Published on Sun, 2006-05-14 13:13
Presence Is Perfection
One day soon I'll fix the brokenness so that you can once again wander around in the good old pages where I've collected my notes on sex, drugs and philosophy. Since those pages are broken at the moment, I'm just reposting this because it feels relevant this morning:
Josh's Axioms Of Living
- Life is Holy and Every Moment Precious
Lifted from Kerouac. I believe in the essential worth of life and the time we have to experience it. Unless you accept this as basic, nothing else is worth bothering about. You have to first sit down and say, "Hey, my life is a real thing, and I want to make it the best it can be." This is the bedrock of everything else I believe in: the core assumption I make that experience is good. Common synonym: "Thou shalt not kill."

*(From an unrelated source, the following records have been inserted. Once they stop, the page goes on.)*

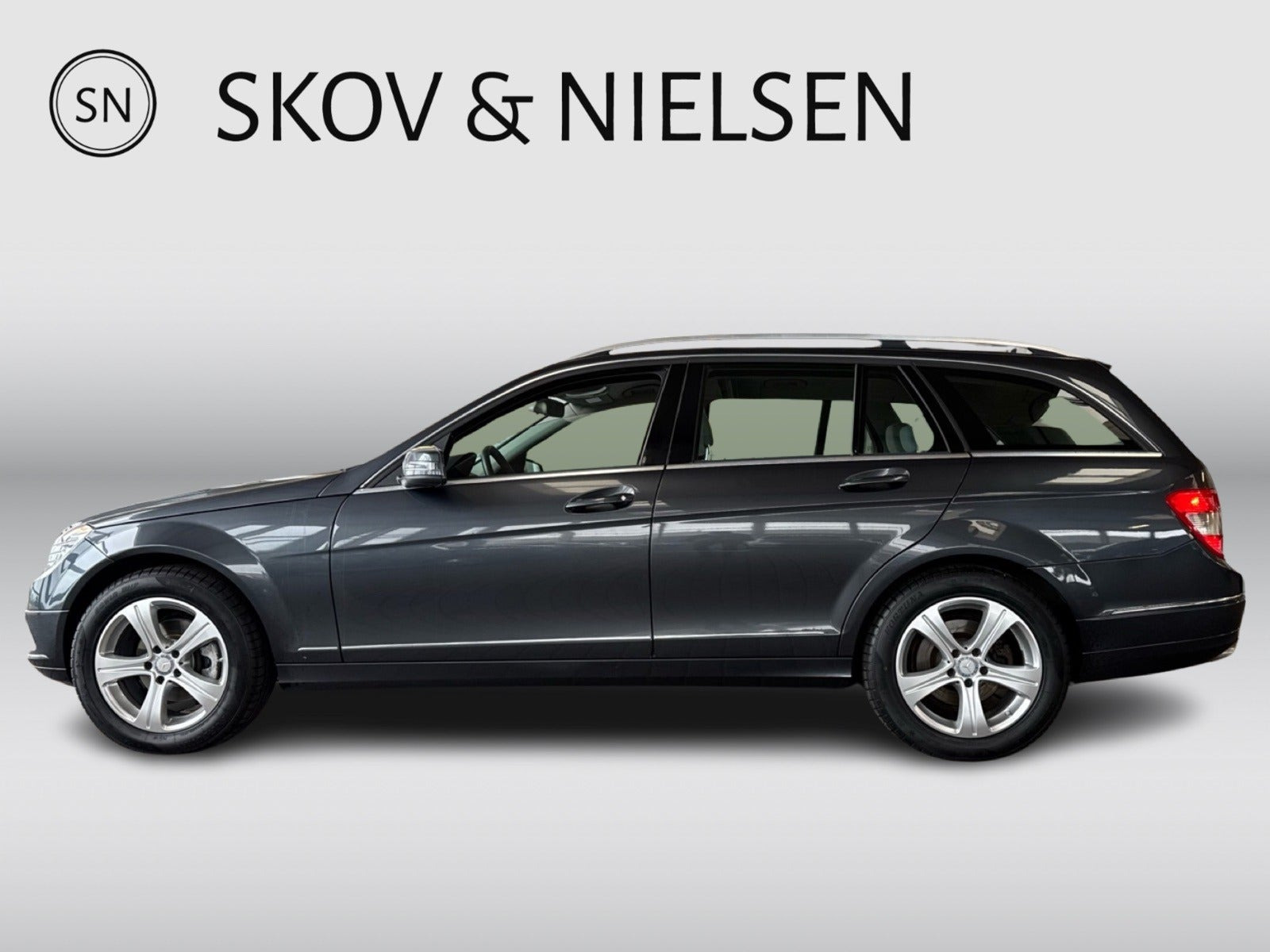 Grå Mercedes C220 fra 2009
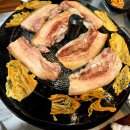 금왕 솥뚜껑 부대찌개 삼겹살 | 금왕솥뚜껑부대찌개삼겹살, 푸짐한 맛과 정성이 가득한 곳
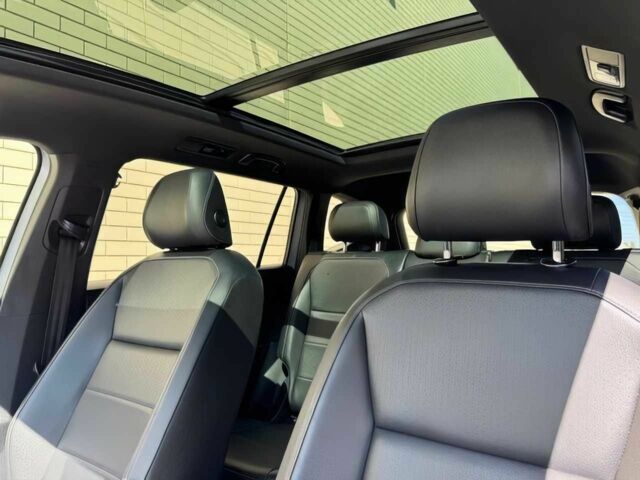 Серый Фольксваген Тигуан, объемом двигателя 2 л и пробегом 40 тыс. км за 10000 $, фото 11 на Automoto.ua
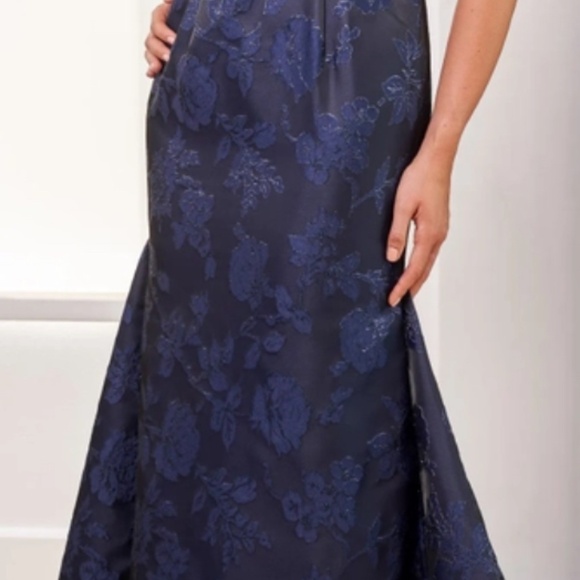 Mother of bride/groom dress - Picture 3 of 3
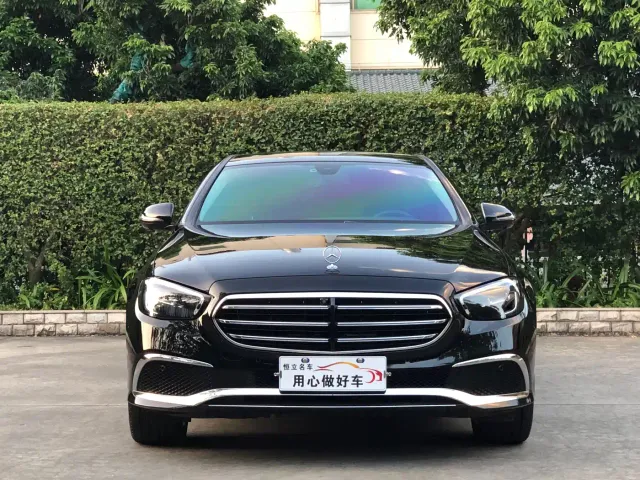 Mercedes-Benz E-Class — Фото автомобиля 2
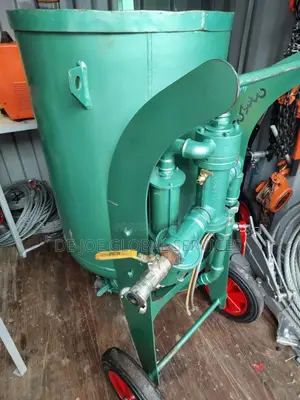 Sandblasting Pot Machine 200ltrs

- The Truth Always Feels Better
Just a simple little reminder that holding it in or trying to cover for things is not a good way to run the ship. This revelation should share credit with Andrew, who helped me realize this when we were but College Sophomores. Common synonym: "Thou shalt not bear false witness."
- The Most Important Thing is to Stop Struggling
This doesn't mean you don't resist evil, or that you don't battle for the light, but that you accept what is and work with the flow of life and not against it. It's built on the core assumption (life is holy) that there's always something positive to be had in the flow of life. This was revealed to me by Robin vis-a-vis Mark and a big night of struggling. Common synonym: "Turn off your mind, relax and float down stream."
- Presence is Perfection
This is how I get out of my nit-pickey, perfectionist, self-critical, hyper-aware, out of body hell. Being "in the moment", as they say in acting school, is harder then you might think. But if you can manage that, you've got it made. Common synonym: "let your mind go and your body will follow."
I intend to revisit and renew a lot of this (and the other non-blog content) on this site as part of my summer project. But thse things still ring true to me five years later.